Cram, pass and forget, were the words of ‘wisdom’ invented among students in a system of education that prioritised content and exams. Students grew to see education as a process of accumulating facts. Whether one understood the facts or not, was irrelevant. What was significant was whether you could hold them long enough to pass your exams. This wisdom, I saw, placed its followers on a path that had immediate ‘benefit’— they could pass their exams and soon forget— but I now see it was also leading to the erosion of their mental powers.
1.The Erosion of reasoning and thinking ability
Neuroscience bestows on us an eternal principal, “Use it or lose it”. Our faculties— memory, reason, imagination etc.— strengthen as we engage in work that calls them into action and weaken with disuse. It follows then that as we engage in memory work solely, the faculties we are not using will begin to weaken. Put another way, rote memorisation leaves our other faculties inactive, and what we don’t use, we lose. As we train our memory chiefly, we sacrifice our abilities to reason, imagine etc.

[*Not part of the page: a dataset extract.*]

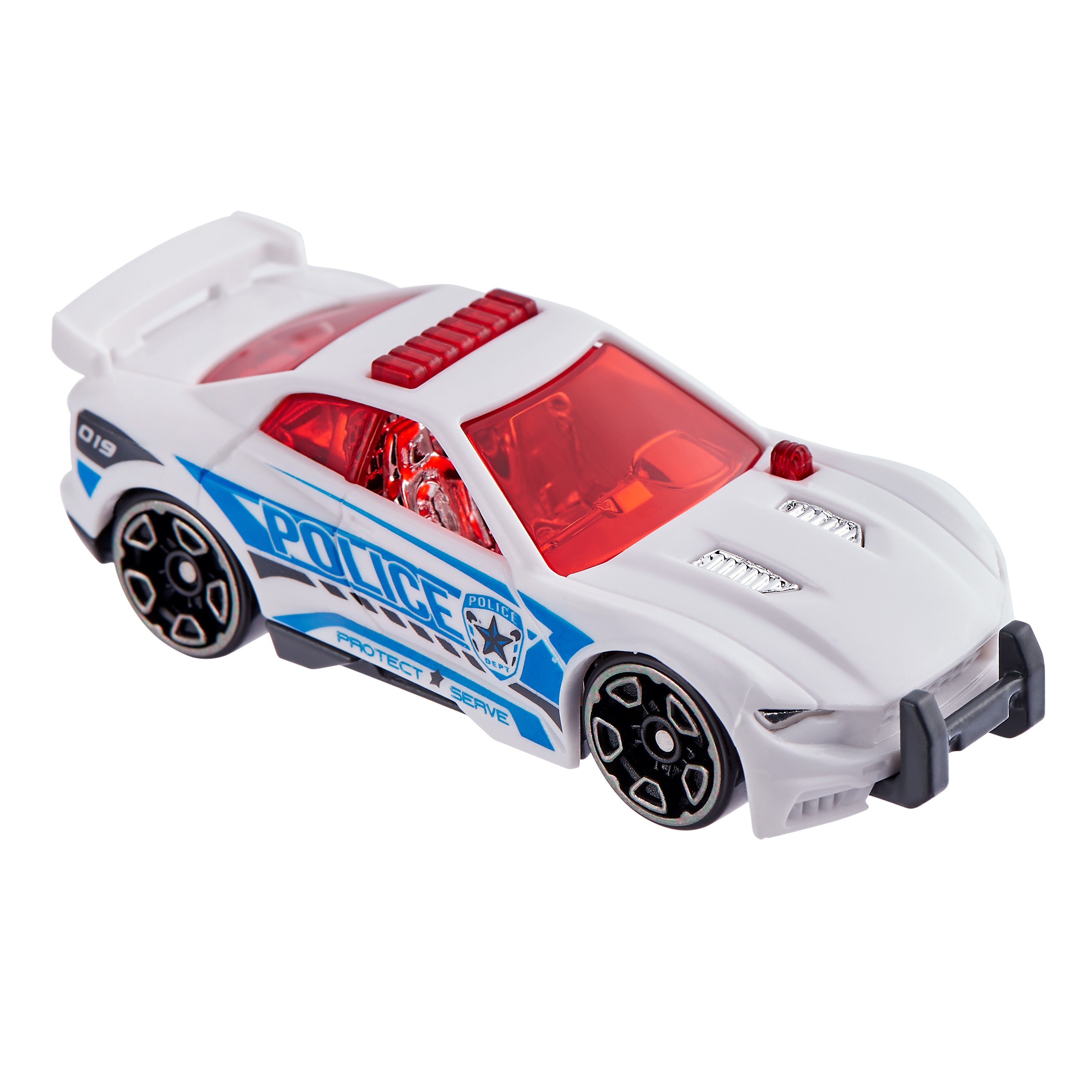 Metal Machines 10 pack                        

2.The erosion of independent thinking
Having not sufficiently developed our reasoning powers by activity, we make ourselves dependent on thinkers, people who can do more with knowledge than we have practiced. Rote memorisation prepares us for experiences where we simply have to recall ideas, but not for situations where we have to reason through and synthesise complex ideas. Unable to reason through ideas for ourselves, we’ll look to others to reason and explain ideas for us.
3.The Erosion of our interest in Learning
It is practicing thinking that leads to more thinking, and since education will progressively call us to more and more thinking, it follows that if we only study by rote memorisation, we’ll be poorly prepared for our future education.
Whatever your journey has been, you can become a greater thinker, by engaging in ways of studying that call into action your thinking and reasoning capacities. It is this kind of studying that positions you to bring value to the world.